Two women and two men died when two rafts on the Thunder River Rapids ride at the Gold Coast tourist attraction collided Tuesday, tipping one backwards, with police saying the victims were “caught in machinery”.
But a boy and a girl, aged 10 and 12, on the six-person circular raft survived. Police initially identified them as two girls.
Reports, which police would not confirm, said they were the children of one of the dead women.
“It seems, from what I’ve seen, almost a miracle that anybody came out of that,” Queensland Police assistant commissioner Brian Codd told reporters after viewing CCTV footage of the tragedy.
“If we’re going to be thankful for anything, I’m thankful for that.”
He said it had been “absolutely traumatic” for the children who were now being cared for by family, as floral tributes were laid outside Australia’s largest theme park, which is hugely popular with domestic and overseas tourists.
Two of those who died were identified in local media as Canberra-based brother and sister Kate Goodchild, 32, and Luke Dorsett, 35, with their mother, who was holidaying with them, distraught.
“We are just devastated, absolutely devastated,” Kim Dorsett told the Brisbane Courier-Mail. “I have three children and have lost two of them – my whole family has been wiped out.”

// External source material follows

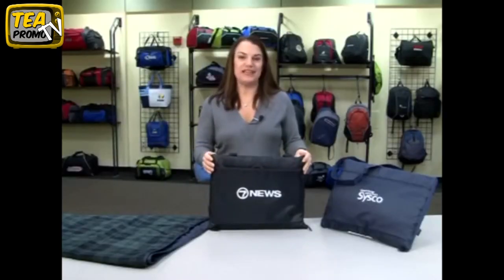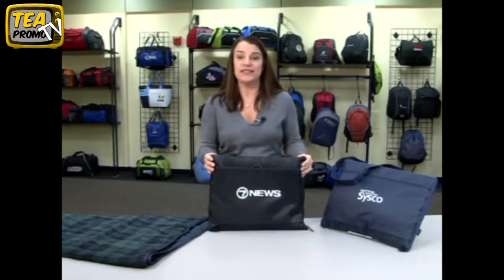The Performance Blanket Tote is a great item for any sporting event or outdoor activity, as well as the auto industry.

Queensland Ambulance officials said on Tuesday the ride, marketed as a family-friendly thrill, malfunctioned and Codd stressed a thorough investigation was underway to find out what went wrong.
Thirty detectives were at the scene with rafts taken away by a forensic team.
“There will be a broad range of things examined – policies, procedures, maintenance schedules and the actual, I guess, the make-up of the whole ride itself in terms of compliance about contemporary engineering,” he said.
Ben Swan, the Queensland secretary of the Australian Workers Union, said the organisation voiced serious concerns about the operation and maintenance of some equipment at Dreamworld last year, although not the river rapids ride.
“I don’t want to inflame the situation,” he told the Australian Broadcasting Corporation.
“However, we do think that in the interests of workers at that facility, but also to the patrons of that facility... it is important there is a full inquiry.”
The Australian newspaper reported that a series of mechanical problems were plaguing the water ride hours before the accident.
Codd said he was aware of the reports and added: “I would imagine that would be an important area of interest for the coroner”.
The Gold Coast, which hosts the Commonwealth Games in 2018, is a major tourist destination and Queensland Premier Annastacia Palaszczuk pleaded with holidaymakers not to turn their backs on the area. “The Gold Coast is safe,” she told the Seven Network. “Please don’t alter your holiday plans. Please continue to show your support. We will get to the bottom of this.”
Dreamworld, which opened in 1981 and has over 40 rides and attractions, said in a statement late on Tuesday its whole team was “devastated and shocked”.
“We are working closely with the authorities to understand exactly what occurred.”
The park remained closed on Wednesday.